NeMo-Curator
NeMo-Curator copied to clipboard
DocumentDataset read errors when other files are present in directory
Describe the bug
DocumentDataset.read_parquet and DocumentDataset.read_json fail with unrelated errors when reading directories that also contain files other than JSONL or Parquet. For example, Apache Spark jobs that write data to a directory typically include markers and CRC files.

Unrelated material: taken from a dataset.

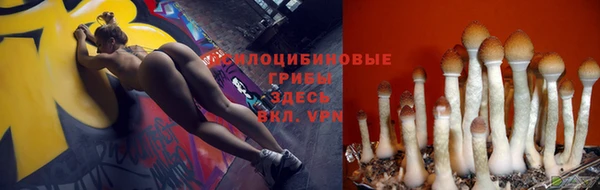 стафф Богданович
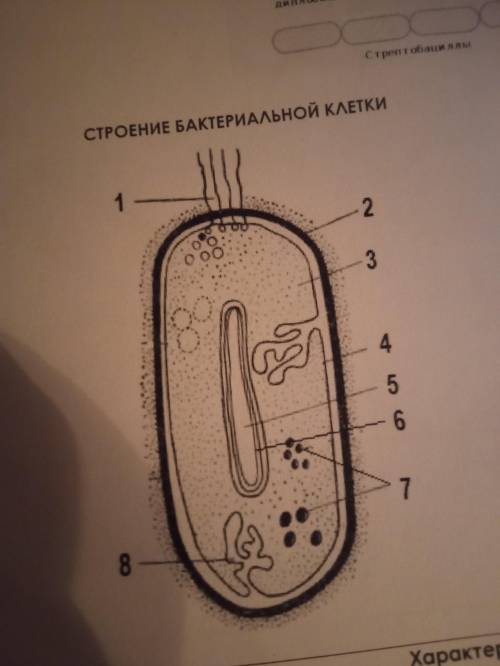 Где что находится где мембраны и т.д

When using DocumentDataset to read from these directories, the error reported is NotADirectoryError: [Errno 20] Not a directory: '._SUCCESS.crc' which can be misleading to the user.
Steps/Code to reproduce bug
- Create an empty file with a .CRC or other extension (not JSONL/parquet) and place in data directory along with other JSONL or Parquet files
- Running this will fail
input_files = get_all_files_paths_under(<directory>)
input_dataset = DocumentDataset.read_parquet(input_files, backend='cudf')
and returns an error similar to
NotADirectoryError: [Errno 20] Not a directory: '._SUCCESS.crc'
However, the input to the read_parquet method is actually a list of files
Expected behavior
DocumentDataset read methods could either ignore these markers or report a more informative error message
**Environment overview **
- Environment location: Docker
- Method of NeMo-Curator install: [pip install or from source]. Please specify exact commands you used to install.
docker run \
--rm \
-it \
--gpus '"device=1"' \
--ipc=host --ulimit memlock=-1 --ulimit stack=67108864 \
-p 8888:8888 \
-p 8787:8787 \
nvcr.io/nvidia/nemo:dev